Reputation:
I'm trying to understand what does the following quote mean (3.4.3/3 N3797):
names following the qualified-id are looked up in the scope of the member’s class or namespace.
namespace A
{
class C
{
public:
static const int a=7;
static int b;
};
}
int A::C::b=a; //7
The scope of the static int b;
consist only of the declarative region following by the b
's point of declaration. Actually:
The potential scope of a name declared in a class consists not only of the declarative region following the name’s point of declaration, but also of all function bodies, default arguments, exception-specifications, and brace-or-equal-initializers of non-static data members in that class
This implies that static const int a=7;
does not belong to the scope of static int b;
. Hence the static const int a=7
cannot be found in the int A::C::b=a;
.
It is a typo in the Standard or it is my misunderstanding?
Upvotes: 2
Views: 94
Reputation: 157354
The rule you quoted (item 1 of 3.3.7p1) is intended for names used within a class:
namespace A
{
class C
{
public:
int b = a;
static const int a=7;
};
}
The rule that permits the code you listed is item 5 of that same paragraph:
5) The potential scope of a declaration that extends to or past the end of a class definition also extends to the regions defined by its member definitions, even if the members are defined lexically outside the class [...]

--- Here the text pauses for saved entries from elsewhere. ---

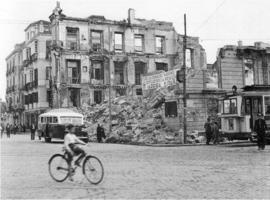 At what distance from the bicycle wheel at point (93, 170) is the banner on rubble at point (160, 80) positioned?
19.6 meters

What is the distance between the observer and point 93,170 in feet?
32.2

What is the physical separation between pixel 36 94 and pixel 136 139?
30054mm

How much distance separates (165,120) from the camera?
30609 mm

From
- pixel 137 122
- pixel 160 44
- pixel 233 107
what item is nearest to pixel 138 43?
pixel 160 44

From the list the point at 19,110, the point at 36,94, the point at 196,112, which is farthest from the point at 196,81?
the point at 19,110

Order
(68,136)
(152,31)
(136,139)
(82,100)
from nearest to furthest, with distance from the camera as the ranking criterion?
(68,136)
(136,139)
(82,100)
(152,31)

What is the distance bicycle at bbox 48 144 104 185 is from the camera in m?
9.80

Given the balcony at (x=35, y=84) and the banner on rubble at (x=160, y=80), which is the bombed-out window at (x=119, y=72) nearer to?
the balcony at (x=35, y=84)

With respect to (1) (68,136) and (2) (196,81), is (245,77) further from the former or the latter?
(1) (68,136)

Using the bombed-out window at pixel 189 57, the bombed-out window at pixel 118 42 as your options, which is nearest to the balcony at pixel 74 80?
the bombed-out window at pixel 118 42

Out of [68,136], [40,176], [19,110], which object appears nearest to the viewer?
[68,136]

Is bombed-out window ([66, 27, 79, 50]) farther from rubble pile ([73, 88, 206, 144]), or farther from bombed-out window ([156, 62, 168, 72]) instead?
rubble pile ([73, 88, 206, 144])

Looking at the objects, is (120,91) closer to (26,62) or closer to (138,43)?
(138,43)

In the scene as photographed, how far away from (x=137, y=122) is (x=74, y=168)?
2174cm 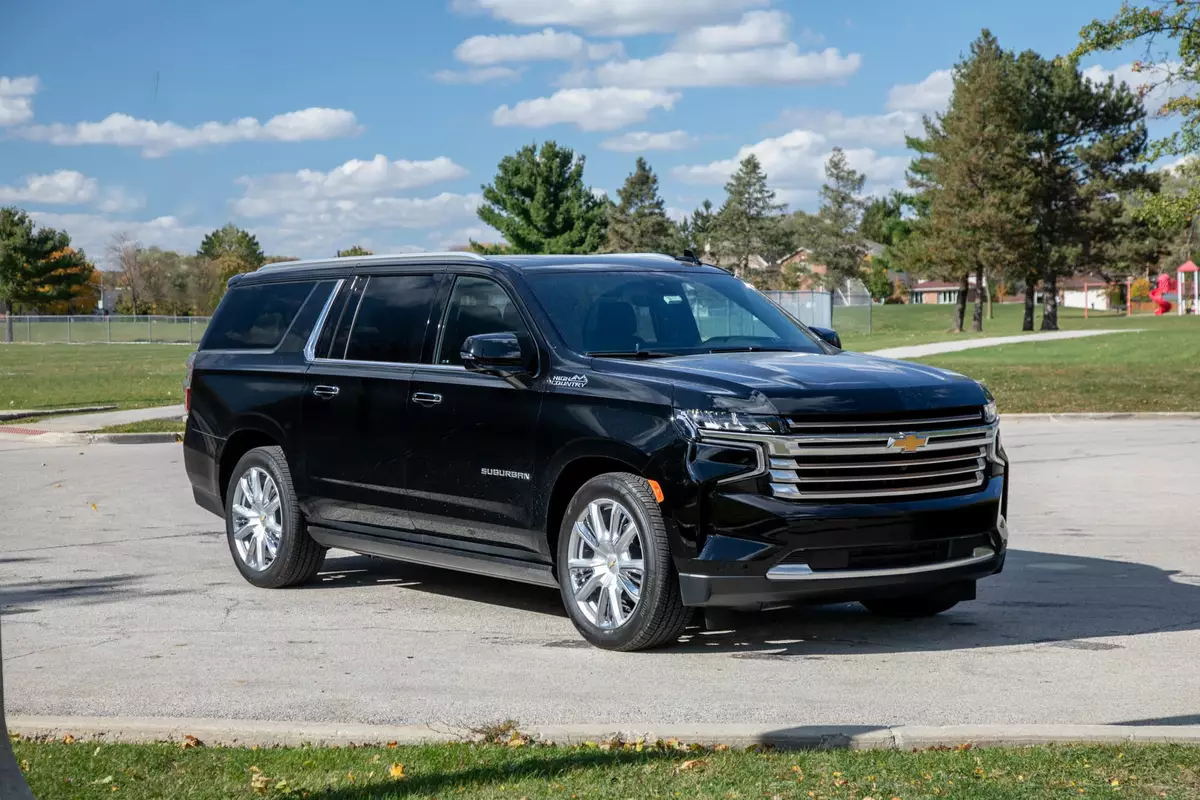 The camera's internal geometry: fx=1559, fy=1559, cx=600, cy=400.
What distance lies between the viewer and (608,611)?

There is clearly some overlap between the applicability items 1 and 5 of 3.3.7p1, but that doesn't matter, as they have the same effect where they do overlap.
3.4.3p3 is saying the same as 3.3.7p1 item 5, just with different wording; it clarifies that the type appearing before the qualified-id is not part of the "region defined by [the] member definition".
Upvotes: 0
Reputation: 60989
This implies that static const int a=7; does not belong to the scope of static int b;. Hence the static const int a=7 cannot be found in the int A::C::b=a;.
No. It implies exactly what you can read there: The potential scope of a name declared in a class also contains function bodies etc. of non-static data members. That does not conflict with the quote above that - the declarative region (and the scope) of a static data member still contains the scope of the class it was declared in itself.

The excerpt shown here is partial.